Download or read book The Political World of Thomas Wentworth, Earl of Strafford, 1621-1641 written by J. F. Merritt and published by Cambridge University Press. This book was released on 2003-11-13 with total page 312 pages. Available in PDF, EPUB and Kindle. Book excerpt: A collection of major articles examining Stuart politics through the career of Thomas Wentworth.

Wonder and Science

Wonder and Science
Author :
Publisher : Cornell University Press
Total Pages : 383
Release :
ISBN-10 : 9781501705052
ISBN-13 : 1501705059
Rating : 4/5 (52 Downloads)

Book Synopsis Wonder and Science by : Mary Baine Campbell

Download or read book Wonder and Science written by Mary Baine Campbell and published by Cornell University Press. This book was released on 2004-12-10 with total page 383 pages. Available in PDF, EPUB and Kindle. Book excerpt: During the early modern period, western Europe was transformed by the proliferation of new worlds—geographic worlds found in the voyages of discovery and conceptual and celestial worlds opened by natural philosophy, or science. The response to incredible overseas encounters and to the profound technological, religious, economic, and intellectual changes occurring in Europe was one of nearly overwhelming wonder, expressed in a rich variety of texts. In the need to manage this wonder, to harness this imaginative overabundance, Mary Baine Campbell finds both the sensational beauty of early scientific works and the beginnings of the divergence of the sciences—particularly geography, astronomy, and anthropology—from the writing of fiction. Campbell's learned and brilliantly perceptive new book analyzes a cross section of texts in which worlds were made and unmade; these texts include cosmographies, colonial reports, works of natural philosophy and natural history, fantastic voyages, exotic fictions, and confessions.

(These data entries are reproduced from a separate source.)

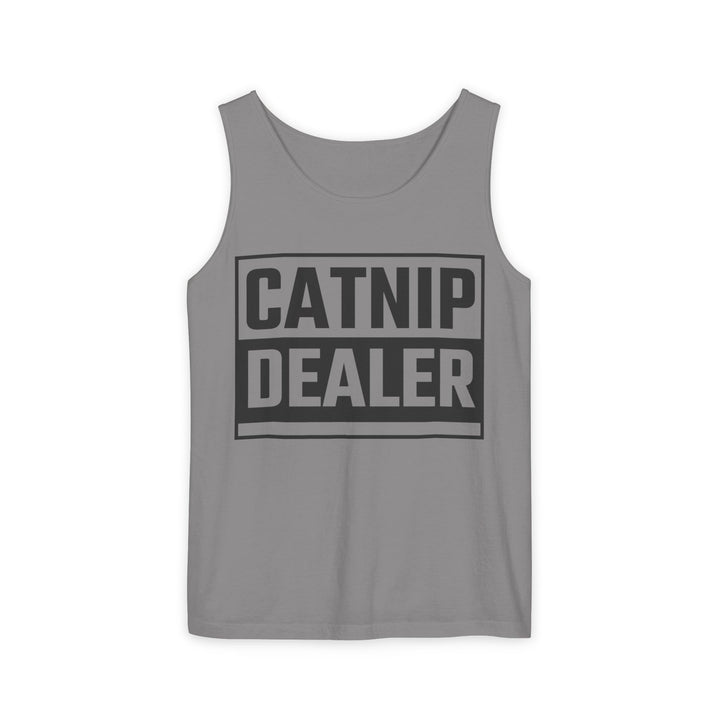 Catnip Dealer Tank Top, Funny Pet Lover Gift, Summer Sleepwear, Cat Mom Shirt, Unisex Casual Wear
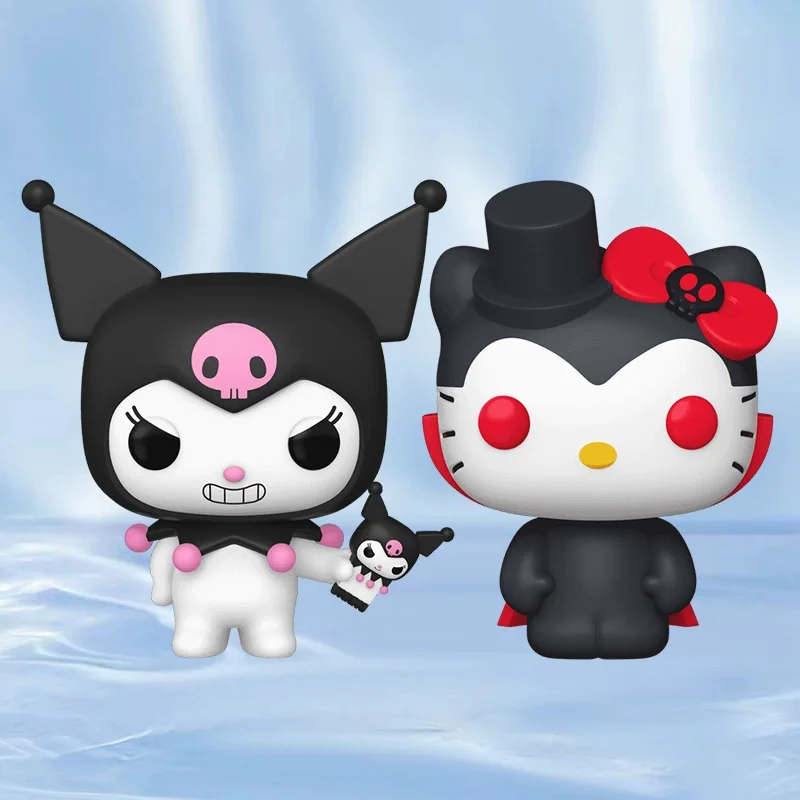 Funko Pop الرسوم المتحركة والرسوم المتحركة سانريو مرحبا كيتي كورومي أنيمي الشكل ألعاب شخصيات الحركة للأولاد هدية تحصيل نموذج الحلي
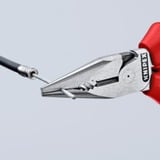 KNIPEX Pince combinée à becs pointus VDE 0826145, Pinces Rouge/Jaune, Isolation jusqu'à 1000 V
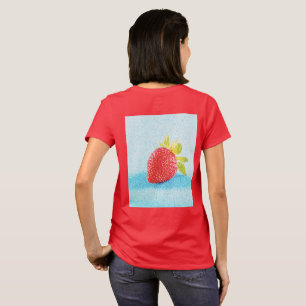 T-shirt "Fruit aux fraises" Belle photo. Commandez dès mai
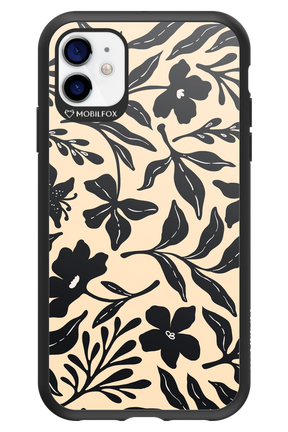 Black Flowers 2.0 - Apple iPhone 11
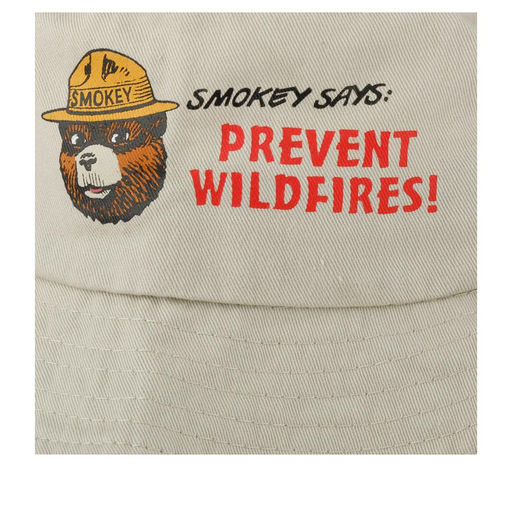 Панама AMERICAN NEEDLE арт. 21012A-SBEAR Smokey Bear Twill Bucket (кремовый)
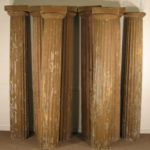 8 Architectural Wood Columns, 19th-20th C. Sold For $4,500.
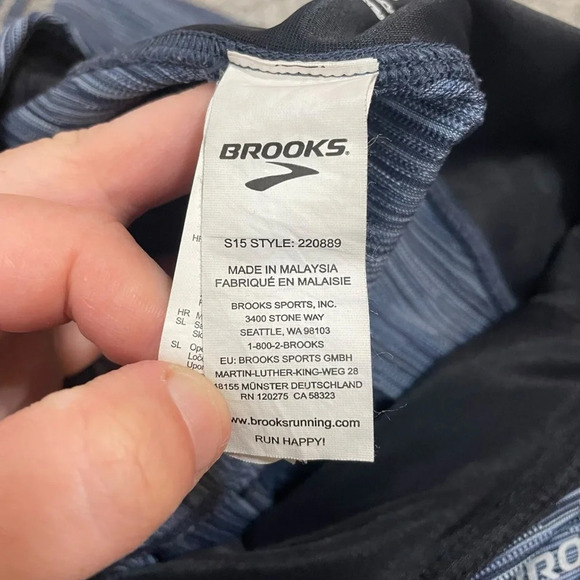 NWOT Brooks Women’s Urban Run Capri Patterned Leggings in Blue Size S - Picture 11 of 13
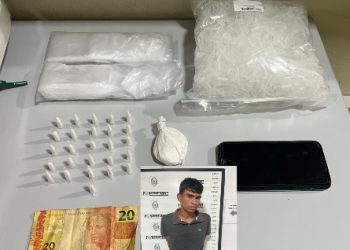 População denuncia e PM prende suspeito de tráfico de drogas no Nova Esperança, em Linhares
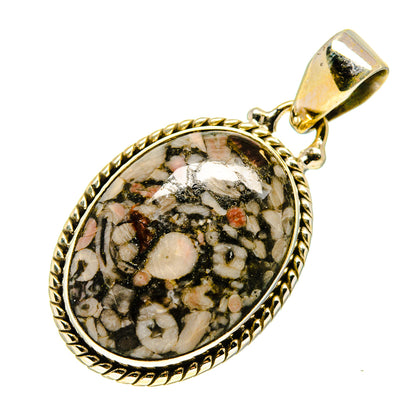 Crinoid Fossil Pendants handcrafted by Ana Silver Co - PD746015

Among the authors she discusses are André Thevet, Thomas Hariot, Francis Bacon, Galileo, Margaret Cavendish, and Aphra Behn. Campbell's emphasis is on developments in England and France, but she considers works in languages other than English or French which were well known in the polyglot book culture of the time. With over thirty well-chosen illustrations, Wonder and Science enhances our understanding of the culture of early modern Europe, the history of science, and the development of literary forms, including the novel and ethnography.

After the Flood

After the Flood
Author :
Publisher : Johns Hopkins University Press
Total Pages : 265
Release :
ISBN-10 : 9781421429519
ISBN-13 : 1421429519
Rating : 4/5 (19 Downloads)

Book Synopsis After the Flood by : Lydia Barnett

Download or read book After the Flood written by Lydia Barnett and published by Johns Hopkins University Press. This book was released on 2019-07-02 with total page 265 pages. Available in PDF, EPUB and Kindle. Book excerpt: After the Flood illuminates the hidden role and complicated legacy of religion in the emergence of a global environmental consciousness.